La veuve d'André se maria en 1505 à
Louis de Bourbon de La Roche-sur-Yon son premier époux l'avait
instituée son héritière mais les sires de Maillé, descendants
du côté paternel du sire de Chauvigny, attaquèrent le testament,
qui les frustrait des immenses domaines du comté de Châteauroux,
il survint une transaction en 1519, par laquelle le sieur de
Maillé fut reconnu possesseur des seigneuries de Châteauroux
La Châtre et d'autres terres situées sur le comté de la Marche,
et les seigneurs et dames de La Roche-sur-Yon restèrent propriétaires
des terres du Châtelet, Cluis- Dessous, Neuvy-Saint-Sépulchre,
Aigurande, et tout ce qui était assis en la prévôté et ressort
d'Issoudun.
Avant d'entrer dans l'époque moderne, jetons
un regard sur les monuments élevés dans l'intervalle qui sépara
le XIème siècle du XVème que nous touchons.
Nous ne disons rien ici ni des églises ni des châteaux forts
dont la fondation se rattache à l'histoire particulière des
villes ce seront bien souvent des ruines qu'auront à nous offrir
les souvenirs de la féodalité, les donjons des vieux manoirs,
les remparts des villes autrefois fortifiées ont eu à combattre
le double assaut du temps et de la grande Révolution; mais le
Berry offre encore en assez grand nombre les restes plus ou
moins bien conservés d'établissements religieux qu'il dut à
la dévote munificence de ses principaux seigneurs et parmi lesquels
nous devons mentionner l'abbaye de Miseray, près de Buzançais,
fondée au XIème siècle celle de Fontgombault, qui
date de 1091 de Puy- Ferrand, dont il est fait mention en 1145
de Landèse, construite en 1115 par les sires de Buzançais, qui
y étaient inhumés de La Prée, élevée vers 1128 par Raoul, seigneur
d'Issoudun, de Barzelle et de Varennes, bâties, la première
en 1137, l'autre, vers 1155 ces quatre dernières dépendant de
l'ordre de Cîteaux; ajoutons le monastère de Buxière, communauté
de femmes dont la création remonte à 1140, et les deux établissements
de cordeliers celui de Châteauroux, œuvre de Guillaume 1er
de Chauvigny en 1213, qui contenait les tombeaux de la plupart
des seigneurs de Châteauroux, des familles de Chauvigny et d'Aumont;
et celui d'Argenton, qui ne date que de 1459.. Depuis la fin
du règne de Charles VII jusqu'aux premières guerres de la Réforme,
pendant tout un siècle, la paix répara les désastres des périodes
précédentes bien des ruines furent relevées, un champ vaste
et fécond s'ouvrit à l'activité humaine; l'art décora les villes,
l'agriculture enrichit les campagnes; cette époque fut pour
notre pauvre Berry, plus que pour beaucoup d'autres contrées,
le siècle de la Renaissance; mais dans l'histoire de la France
le calme est presque l'exception, et la guerre l'état normal.
De nouveaux orages s'amoncelaient de l'est, de l'ouest, du midi,
la réforme religieuse pénétrait jusqu'aux régions les plus centrales;
la guerre répondait aux persécutions le Berry ne resta pas à
l'abri de ses fléaux.
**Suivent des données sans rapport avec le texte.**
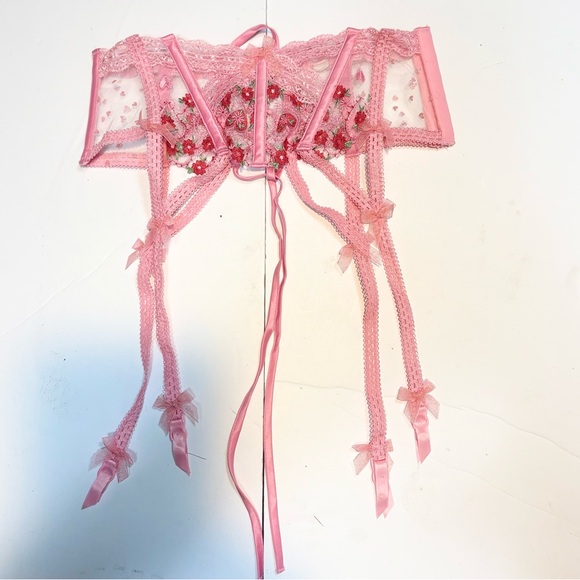 For Love And Lemons Other - For Love and Lemons Pink Red Hearts Flower lace garter belt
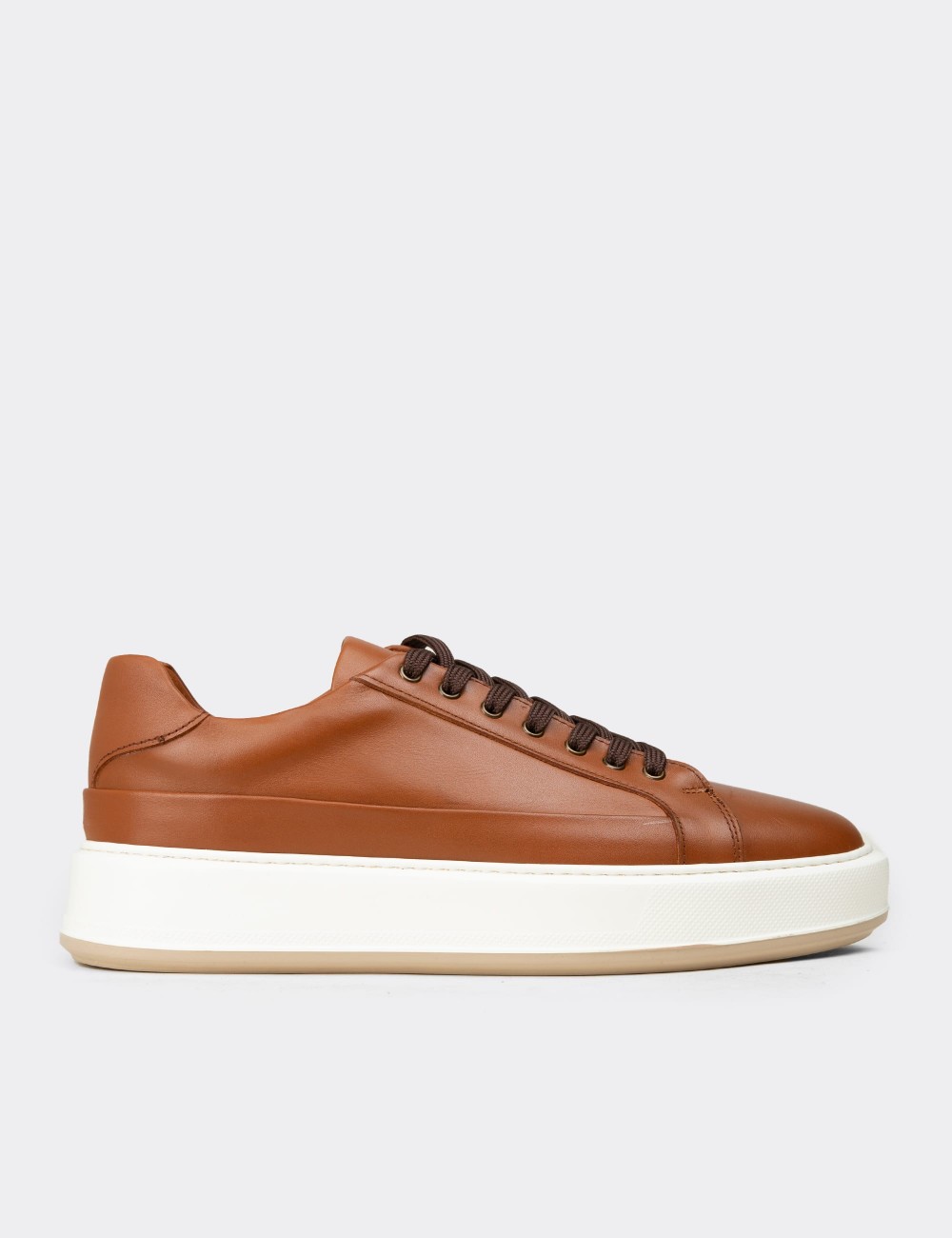 Men's Tan Leather Sneakers - E4482MTBAC01
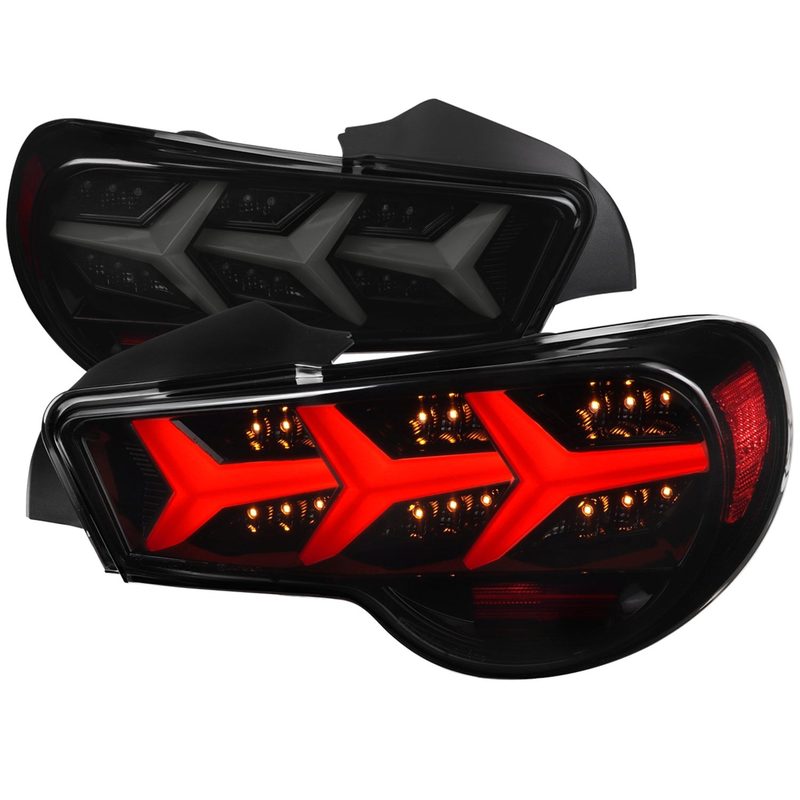 2013-2016 Scion FRS/ Subaru BRZ Lambo LED Tail Lights Glossy Black/Smoke Lens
Issoudun fut assiégée, en 1562, par les
huguenots, qui l'auraient prise sans le secours que prêta le
sieur de Sarzay à la cause catholique Saint-Benoît-du-Sault
fut occupé l'année suivante par les troupes protestantes plusieurs
autres villes de la contrée eurent le même sort. La colère des
vainqueurs s'exerça particulièrement sur les églises et les
monastères ; la guerre toutefois n'y eut point le caractère
de barbarie et d'acharnement qu'on a ailleurs à déplorer trop
souvent, et la pacification du bas Berry fut plus prompte et
plus facile que celle des provinces voisines. Une autre guerre
moins sanglante divisait alors les grandes familles du pays.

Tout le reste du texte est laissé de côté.